Interpretive Summary: Herbicides inhibiting protoporphyrinogen oxidase (Protox) have been commercialized for more than 30 years, although their molecular site of action remained unknown until 1989. The most active Protox inhibitors apparently compete for the substrate-binding site of Protox. Light is required for the development of injury, with symptoms becoming visible within a few hours of application. The relationship between activity in the field and the mechanism of action of these compounds are discussed. Their overall impact on the agrochemical market has been limited to a few major crops due to their relatively narrow selectivity. Future use may increase because weeds have not evolved resistance to these herbicides and high levels of crop resistance may be imparted by genetic engineering. Toxicological issues will be addressed.
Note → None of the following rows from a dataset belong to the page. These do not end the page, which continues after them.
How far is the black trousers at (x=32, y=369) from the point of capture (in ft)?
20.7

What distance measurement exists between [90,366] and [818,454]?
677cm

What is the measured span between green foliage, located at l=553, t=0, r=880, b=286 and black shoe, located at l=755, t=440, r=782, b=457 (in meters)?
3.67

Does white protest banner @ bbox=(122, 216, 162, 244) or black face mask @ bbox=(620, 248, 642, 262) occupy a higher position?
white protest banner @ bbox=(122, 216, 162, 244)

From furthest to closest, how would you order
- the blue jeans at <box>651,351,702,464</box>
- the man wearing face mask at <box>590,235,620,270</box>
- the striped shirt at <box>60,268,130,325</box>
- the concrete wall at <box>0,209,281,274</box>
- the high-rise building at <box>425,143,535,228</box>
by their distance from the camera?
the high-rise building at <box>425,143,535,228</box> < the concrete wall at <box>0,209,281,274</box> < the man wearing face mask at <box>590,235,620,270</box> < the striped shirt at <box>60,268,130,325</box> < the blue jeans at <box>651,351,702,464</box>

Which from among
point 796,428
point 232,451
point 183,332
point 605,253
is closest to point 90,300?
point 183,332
Technical Abstract: Herbicides inhibiting protoporphyrinogen oxidase (Protox) have been commercialized for more than 30 years, although their molecular site of action remained unknown until 1989. The patent literature indicates that there are thousands of compounds, representing numerous chemical classes, with this mode of action. The most active Protox inhibitors apparently compete for the substrate-binding site of Protox, mimicking portions of the protoporphyrinogen molecule. Light is required for the development of injury, with symptoms becoming visible within a few hours of application. The relationship between activity in the field and the mechanism of action of these compounds will be discussed. Most Protox-inhibiting herbicides are usually applied postemergence and have broad spectrum weed control. However, more recent commercial Protox inhibitors are extending their use to new crops and to pre-emergence applications. Still, as a herbicide family, their overall impact on the agrochemical market has been limited to a few major crops due to their relatively narrow selectivity. Future use may increase because weeds have not evolved resistance to these herbicides and high levels of crop resistance may be imparted by genetic engineering. Toxicological issues will be addressed, even though these compounds are not considered to be of significant toxicological risk.